**Assigned task**
Write out the data again exactly, skipping every picture.

::: Given entries

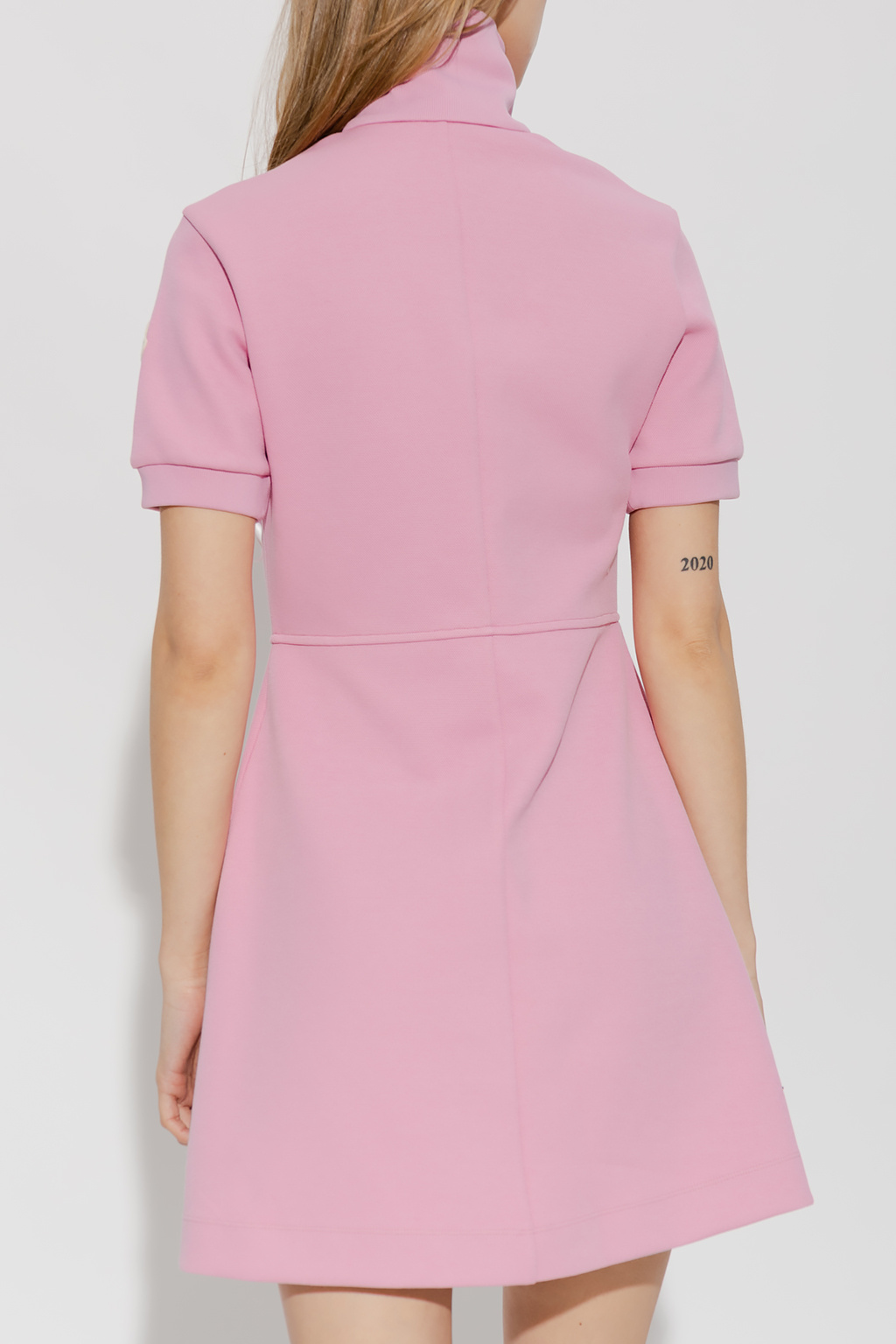 ★【MONCLER】Chemisier con peplo in cotone★シャツドレス Pink Dress with logo Moncler - SchaferandweinerShops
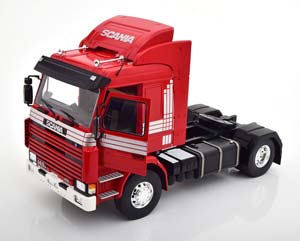 SCANIA 143 TOPLINE TOWING VEHICLE RED SILVER — фото 3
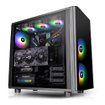 Gabinete Thermaltake View 31 TG ARGB Black ATX Mid Tower con panel de vidrio templado
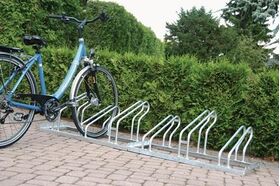 Fahrradbügelparker 1-s.90Grad verz.Anz.Radstände 3 z.Schr.zerlegt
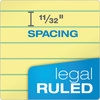 A Picture of product TOP-7532 TOPS™ "The Legal Pad" Perforated Pads with Wide/Legal Rule. 8.5 X 11.75 iin. Canary-Yellow. 50 sheets/pad, 12 pads/case.
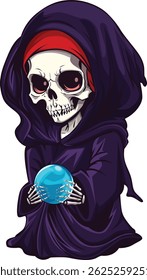 scary skull horror halloween theme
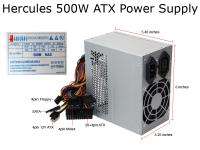 Hercules 500W Silent ATX Power Supply w/20 24pin SATA (Serial ATA 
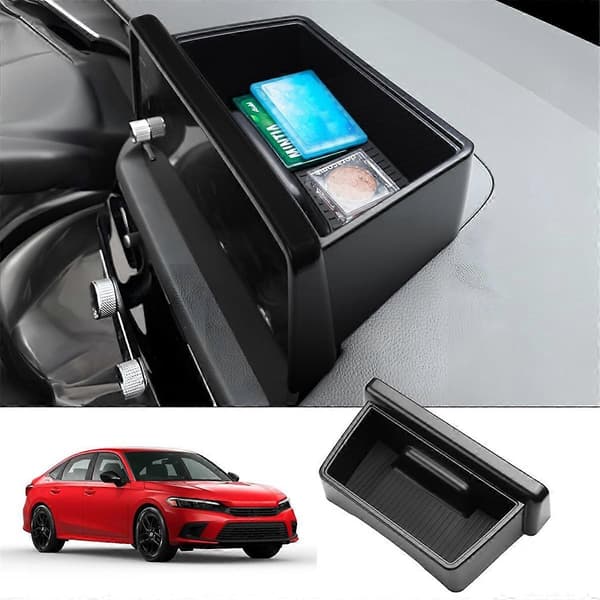 Centerkonsol Dash Organizer til 2022-2024 Dashboard Opbevaringsboks Bakke Tilbehør (Passer til 9 tommer Touch Screen)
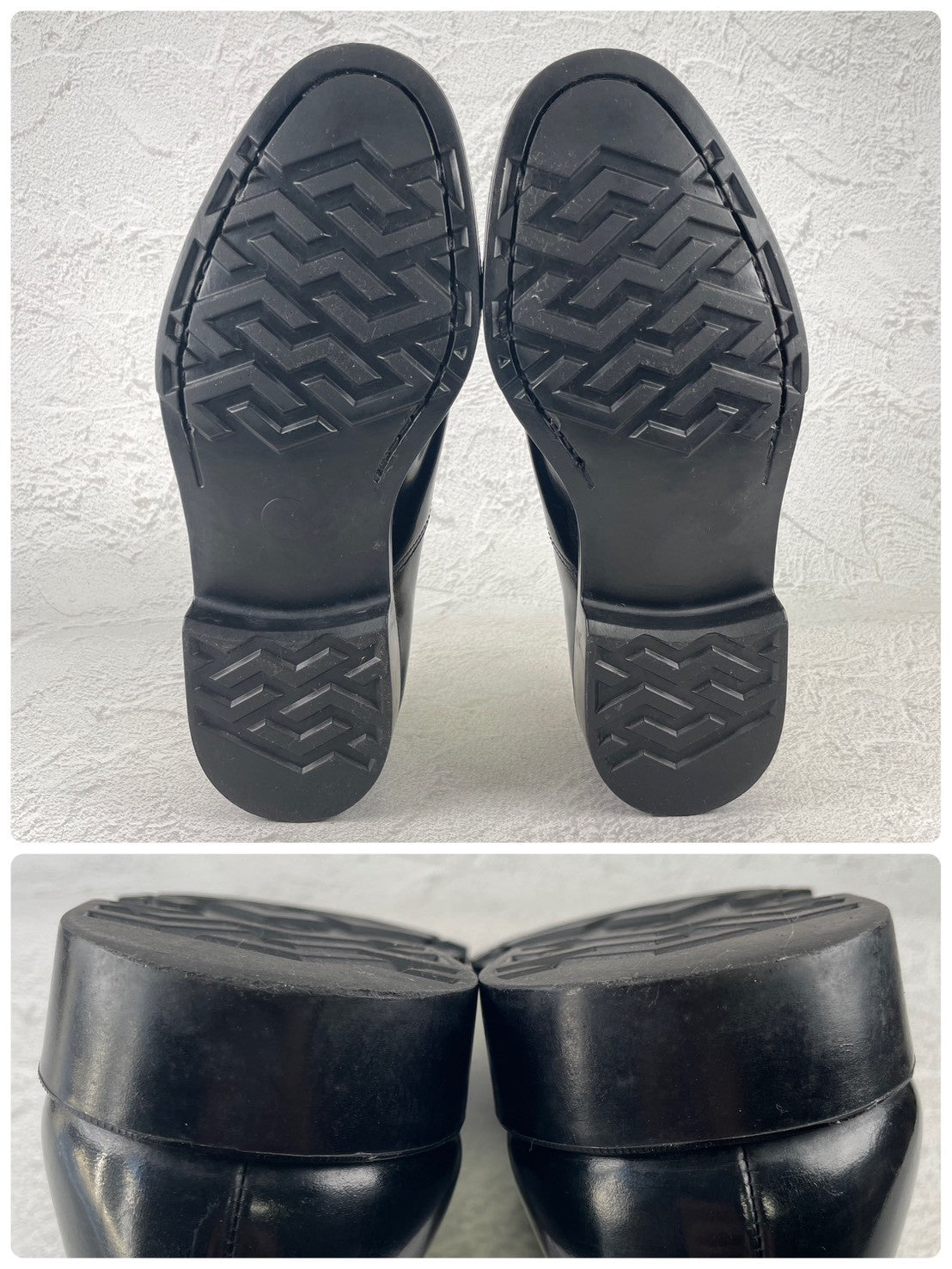 BRITISH MILITARY イギリス軍 OFFICER DRESS SHOES オフィサー ドレスシューズ ストレート 内羽根 ガラスレザー 黒 ブラック UK9 / 27.5cm相当【W3491-UK9】
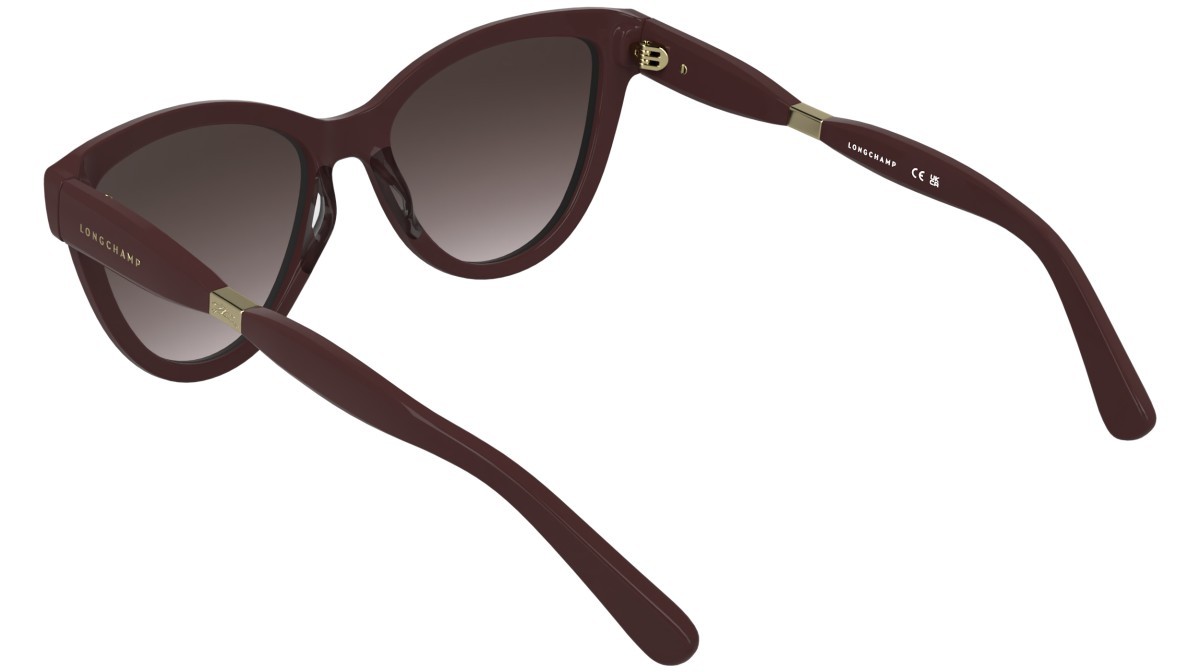 Occhiali da sole Longchamp LO804S (601) colore burgundy forma cat eye lenti gradient brown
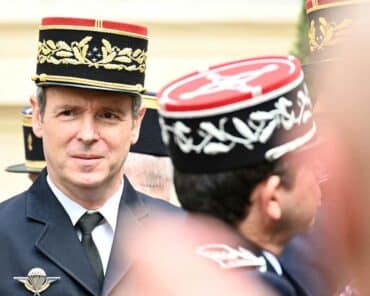 Le général de corps d'armée Frédéric Aubanel, lors d'une cérémonie Place Beauvau en 2024. (Photo: L.Picard/L'Essor)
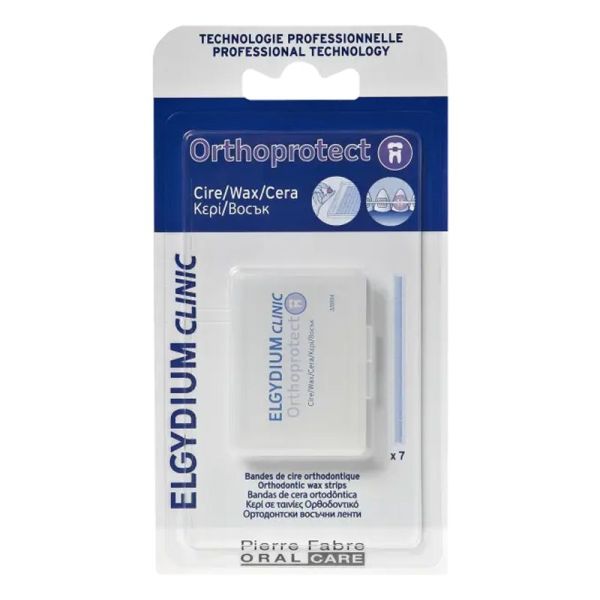 ELGYDIUM CLINIC Orthoprotect 7 Bandes de Cire Orthodontique - Protection contre les Blessures des Bagues Orthodontiques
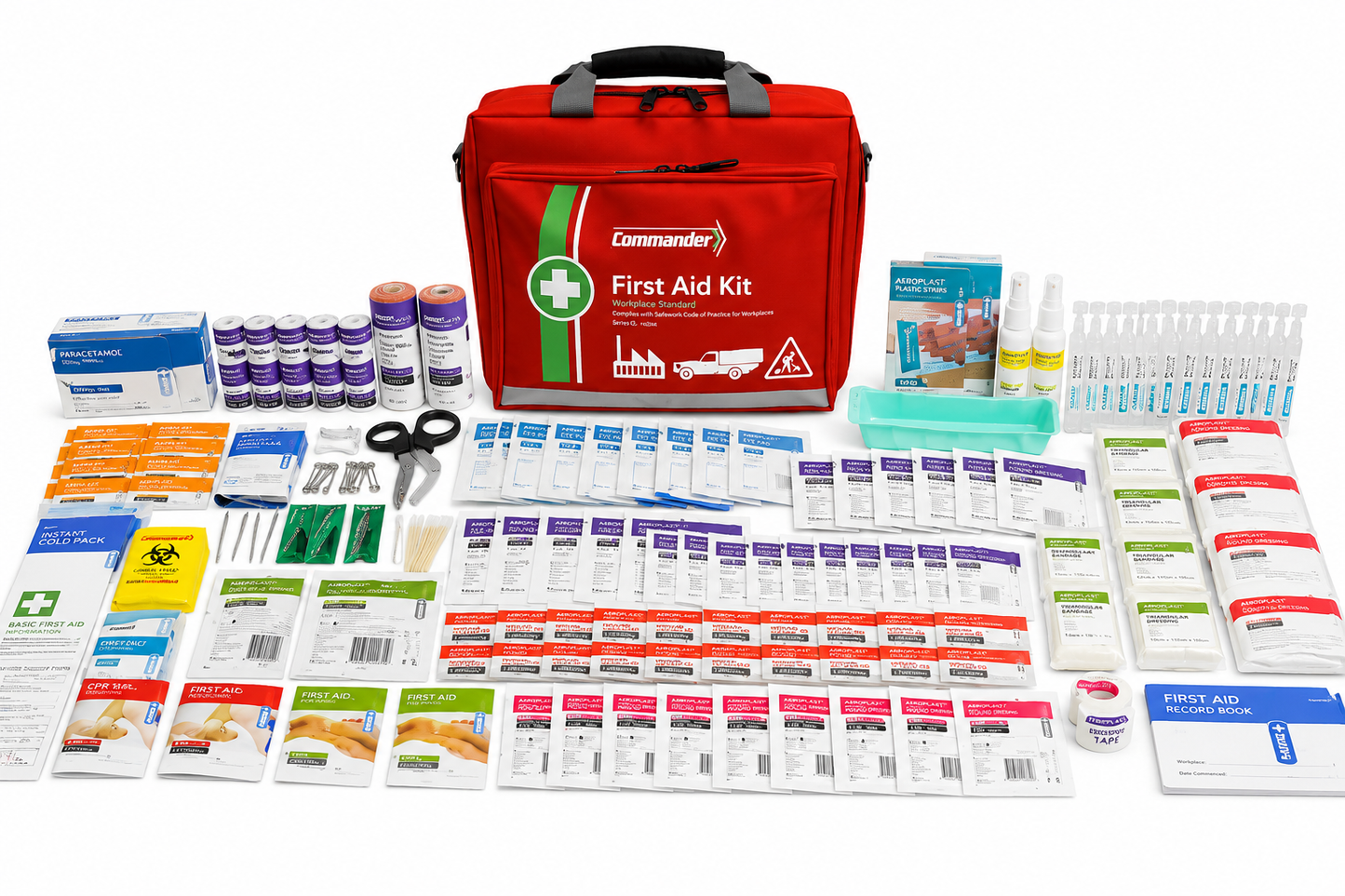 Commander Hospitality Softpack Versatile First Aid Kit - Workplace Standard 34cm x 23cm x 36cm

::::::

**Exercise result**
 ★【MONCLER】Chemisier con peplo in cotone★シャツドレス Pink Dress with logo Moncler - SchaferandweinerShops
 SCANIA 143 TOPLINE TOWING VEHICLE RED SILVER — фото 3
 Gabinete Thermaltake View 31 TG ARGB Black ATX Mid Tower con panel de vidrio templado
 Fahrradbügelparker 1-s.90Grad verz.Anz.Radstände 3 z.Schr.zerlegt
 A Picture of product TOP-7532 TOPS™ "The Legal Pad" Perforated Pads with Wide/Legal Rule. 8.5 X 11.75 iin. Canary-Yellow. 50 sheets/pad, 12 pads/case.
 scary skull horror halloween theme
 Hercules 500W Silent ATX Power Supply w/20 24pin SATA (Serial ATA 
 Centerkonsol Dash Organizer til 2022-2024 Dashboard Opbevaringsboks Bakke Tilbehør (Passer til 9 tommer Touch Screen)
 BRITISH MILITARY イギリス軍 OFFICER DRESS SHOES オフィサー ドレスシューズ ストレート 内羽根 ガラスレザー 黒 ブラック UK9 / 27.5cm相当【W3491-UK9】
 Occhiali da sole Longchamp LO804S (601) colore burgundy forma cat eye lenti gradient brown
 Le général de corps d'armée Frédéric Aubanel, lors d'une cérémonie Place Beauvau en 2024. (Photo: L.Picard/L'Essor)
 ELGYDIUM CLINIC Orthoprotect 7 Bandes de Cire Orthodontique - Protection contre les Blessures des Bagues Orthodontiques
 Commander Hospitality Softpack Versatile First Aid Kit - Workplace Standard 34cm x 23cm x 36cm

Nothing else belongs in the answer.